On May 7th, 2015, the Port Authority of New York and New Jersey (PA) convened a Summit for Trans Hudson Transportation attended by the crowned heads of the Region Transporation sector: most top executives of the Transportation Agencies that provide services in that space were at the table as well as a representative of the US Department of Transportation. This kind of royal attendance is usually seen only for weddings or funerals. The future will tell us what it was.
As a proper venue for such lofty goals, the meeting was held on the 63rd Floor of One World Trade Center from which New Jersey looked so close … and yet billions of $ away for the 75% additional commuters that will be coming to NYC in 30 years.
Irreverence aside, this was both a hopeful and distressing meeting, showing how far PA will have to go to deliver 21st century cross Hudson transportation to the fast growing hundreds of thousands of commuters – more and more of them millennials – who come to work in Manhattan everyday .
The meeting marked the kick off of the Strategic Planning effort, described in the remarkable report “Keep the Region Moving” prepared by the Special Panel on the Future of the Port Authority and endorsed by both governors in December 2014. The board of the PA endorsed this blue print which calls for “initiat[ing] a long-term planning process for the expansion of Trans-Hudson transit capacity, including river-crossing and terminal facilities; “
The hopeful part is that the New Chair, Vice Chair and commissioners have already demonstrated that the report was not just words: They are coming from the industry, real estate and finance and have implemented drastic changes at the board level: open discussions, transparency, business minded focus and public dialogue which augurs well for a reasonable and thoughtful outcome.

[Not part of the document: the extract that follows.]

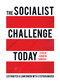 The Socialist Challenge Today (Syriza, Corbyn, Sanders) by Leo Panitch, Sam Gindin, Stephen Maher, 9781642591286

However the obstacles are immense.
Most of our existing mass transit systems (except roads) were built by individual entrepreneurs (August Belmont Jr. owned and built the Inter-borough Rapid Transit- IRT in 1904) or by bureaucratic tyrants (Robert Moses and most recently Dan Doctoroff) who were inclined to bulldoze their ways to achieve their vision with single mindedness. The current crop of Transportation leaders are operators NOT builders. Just look at MTA’s recent efforts (East Side Access, Second Avenue Subway) to see that the organization lacks what it takes to pull off such large projects.

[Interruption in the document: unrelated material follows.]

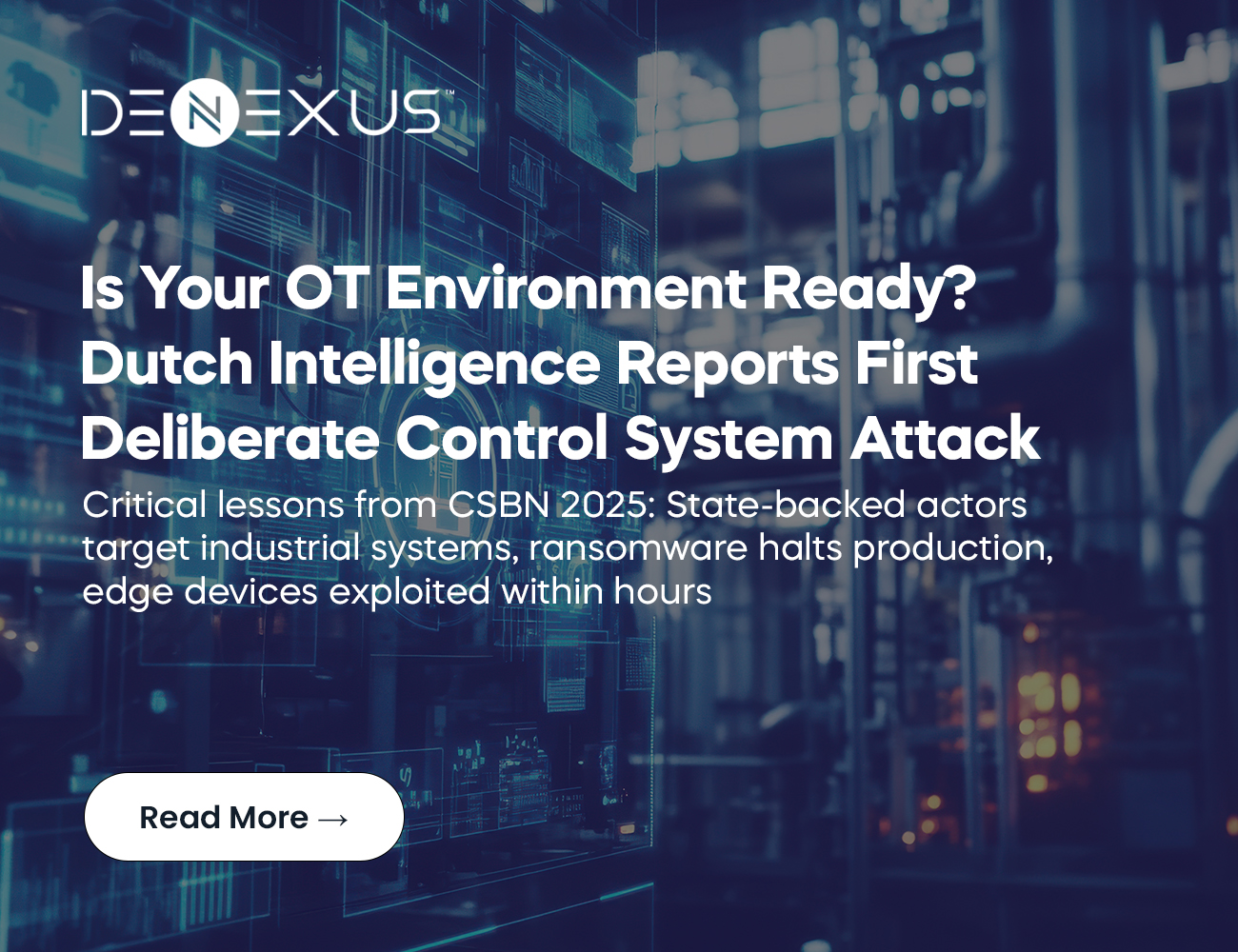 Dutch Cybersecurity Report 2025: Critical Lessons for Industrial Control Systems and OT Security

Because the agencies have specific footprints and technologies, there is an natural preference for operating within these boundaries creating massive bottlenecks and inefficiencies at interface points: Port Authority Bus terminal, Penn Station, Grand Central etc.. , while transportation – just like the internet- is about “interconnectivity” “speed” and “customer delight”.
As a commuter you have to ask: Why should I need different modes of payments for different segments? cars do not have that problem with Easy Pass! Will my commute be shorter?
Why is the subway not going west of the Hudson ? Can you imagine the subway system if it stopped in Manhattan and we had to take the bus or the train to go to Williamsburg or Queens? Would commuters rather hop on a train or a subway? Are 7,000 buses back to back the right technology to move 320,000 people a day all through one lane of the Lincoln Tunnel ?
What about the costs ? Indeed as a budget constrained operator, it is difficult to conceive that when meeting with the US Government you should really behave like an entrepreneur meeting with a venture capitalist: the more you ask, the more credible you are. Dick Cheney and Rumsfeld knew that well : if the US Government spent $ 3 Trillion on the war in Iraq, there should be no problem finding $ 30 Billion to build a new Cross Hudson infrastructure for the next 100 years.
What was obvious at the meeting, is that each agency has dreamed up its own solution in its geography and with its own set of technologies, building on what they know how to do and not on what the customer wants, because in the current configuration they are not empowered to do anything else. This is the worst possible use of capital, and guarantees extravagant maintenance costs for a system that pleases no one.
We will see if the PA cobbles together a collection of marginal solutions that continue to build up bigger and bigger hubs or steps up to the plate and lays down a blueprint and key components of a 21st century distributed network, while giving each agency a mission to connect and converge to the new network over time.
Doing the right thing will take guts of steel, but If anyone can do it , this board is our best bet.